S'ensuit un festival d'éco-systèmes et de paysages tous plus hétéroclites les uns des autres. Homonymes, la Bretagne et sa grande soeur ne partagent pas que leur nom, les gravats mousseux succédant aux ponts minéraux, qui eux-même chevauchent de gigantesques monolithes, barrages naturels aux sursauts d'humeur du lac. Nous déboîtons soudainement à l'intérieur des terres pour y retrouver une ambiance tropicale, tunnel de végétation, brume d'insectes et cascades nous transportent sur une île au trésor annexe. Pour couronner cette vision nous croisons Ollie, chemise et pantalon couleur sable, debout à contre-jour sur un aplomb, sa tignasse d'aventurier lui donne des airs d'Indiana Jones. Il n'a pas encore défait le camp, du vestibule de sa tente tunnel entre-ouverte on aperçoit son guide de marche.

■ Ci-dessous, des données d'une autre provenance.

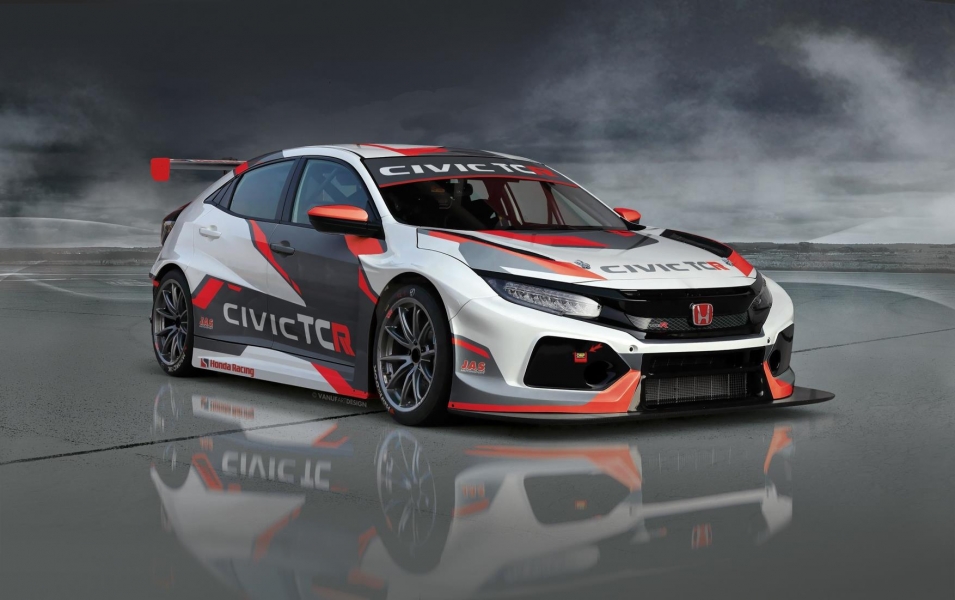 126082_2018_Honda_Civic_TCR-960×600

Il déjeune un porridge dans une gamelle en aluminium, les chocs subis par cette dernière rendent sa forme peu lisible mais un fond rectangulaire évoque un potentiel reliquat de soldat. Une flasque en métal est coincée dans le filet arrière de son sac, de quoi contenir le scotch régional; quand on lui demande s'il marche également le CWT il nous répondra sans fierté “supposément”.

Première déception à Kinloch Hourn en découvrant le café du gîte fermé, nous avons deux heures d'avance sur l'ouverture mais aucun temps à perdre sur la journée, nous continuons vers les hauteurs, empruntant un sentier des plus inintéressants puisqu'entretenu par des engins de chantier en congé. Le ciel opaque apporte une légère fraîcheur alors nous en profitons pour faire l'une des rares pauses midi du voyage après presque six heures de marche continue et un corps en sur-régime. Encore 12 km à parcourir. Malheureusement tous les kilomètres ne se valent pas et le sauvage du sentier se définit parfois par la disparition totale de ce dernier. Le jeu devient très simple, vous pointez à l'aide de la carte le col d'arrivée, puis gravissez la montagne comme bon vous semble. Dessiner ses propres lacets ou suivre les courbes de dénivelé, je finis par perdre patience et trace un trait tout droit, chemin le plus court et le plus fatigant également. Nous finissons par atterrir dans un pierrier éparse, abrités par de vastes caillasses qui laissent le vent prendre de la vitesse nous enfilons pour la première fois nos vestes de pluie et restons quelques minutes à contempler la mysticité des lieux. Il n'y a plus beau cadeau que d'accomplir quelque chose qui n'était pas offert. Les descentes aussi savent se montrer redoutables, et je les sous-estimerai toutes. Il nous faudra suivre des kilomètres et des kilomètres d'escaliers naturels et de faux plats peu praticables avant de presser le pas, les premières gouttes tombent et la supérette de Kintal Crafts ferme à 19h, il est vital que nous y arrivions à temps pour tenir les trois prochains jours. Consolation cependant, le festival visuel surfant sur les courbes d'horizon, où les différentes profondeurs de plan offrent un parallaxe sensationnel sur les Cinq Sœurs de Kintail.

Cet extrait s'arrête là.